The leadership that our teams need is no longer that which is reliant upon authority, positional power or crude applications of generic reward (and punishment) strategies. What we need for high performing teams in the 2020s is a style of leadership that cultivates followership. This might be different from the picture that you have in your mind of what leadership is, so here is a very brief explanation:

Followership

If nobody is buying, you're not selling. If nobody is learning, you aren't teaching. If nobody is following, you're not leading. Irrespective of your title or job description, leadership inherently requires that others make decisions and take actions that align to a direction that you have laid out.

Cultivating

Cultivating followership means acknowledging that we do the things on a consistent basis that make us more likely to be followed. In Team of Teams, Stanley McChrystal talks about moving from being "chessmasters to gardeners". Gardening is an apt metaphor. I'm not a gardener, but I can get my head around the fact that we can't guarantee the success of any flowers that we plant - ever. What we can do is plant them in suitable soil, in a place that gets the right amount of sun, at the right time of year and then water, feed and prune them appropriately. After all of that, we have given the flowers their best chance. We can't change drought, or flood, or fire or a bug that may prevent those flowers from reaching their potential.

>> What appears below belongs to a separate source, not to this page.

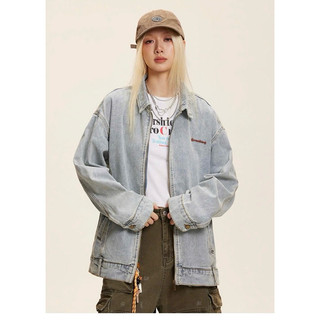 Áo Khoác Jeans Nam Nữ Form Rộng Dáng Suông - Cổ Bẻ - Phối Dây Kéo - Thêu Nổi, Thời Trang Unisex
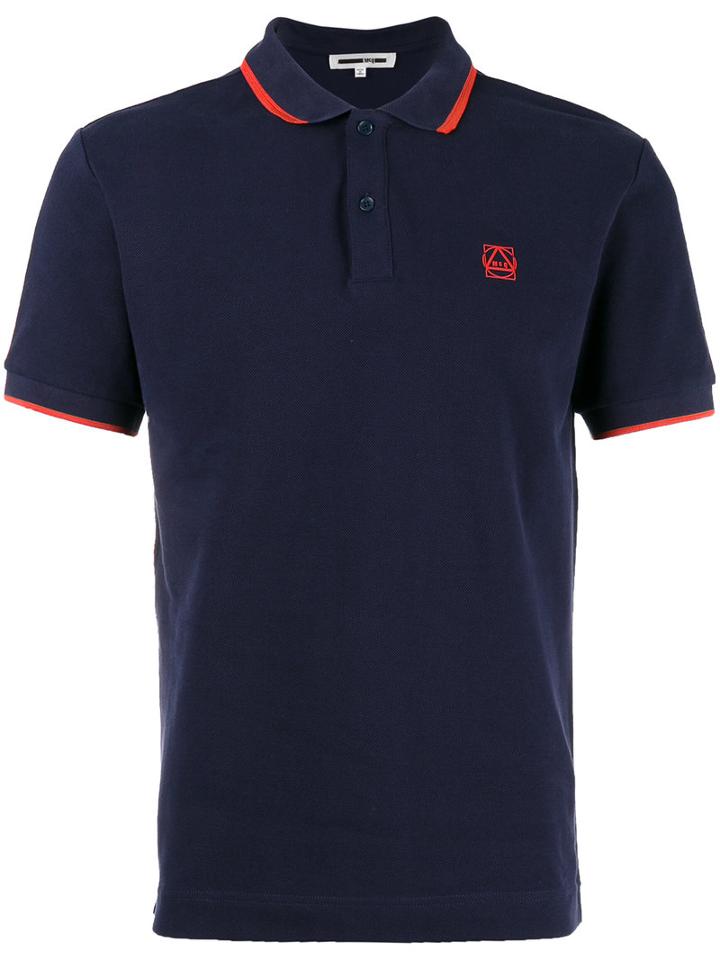 Mcq Alexander Mcqueen Logo Embroidered Polo Shirt, Men's, Size: Xl, Blue, Cotton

So it is with leading teams in a modern world. Success can't be guaranteed because of the inherent complexity of the task at hand. Leaders can only consistently make the decisions and take the actions that make success and growth more likely in their teams.

It is important to point out that I am referring to leadership (the behaviours that cultivate followership) and not the appointed boss of a team. In the best teams, there is shared leadership. Using the definition above does not limit the behaviours of leadership to the appointed leader.

Some questions for you to consider in your teams:

  1. How do you define leadership for your teams?

  2. What makes you (or others) worth following?

  3. How can you create an environment that allows others to bring their best work?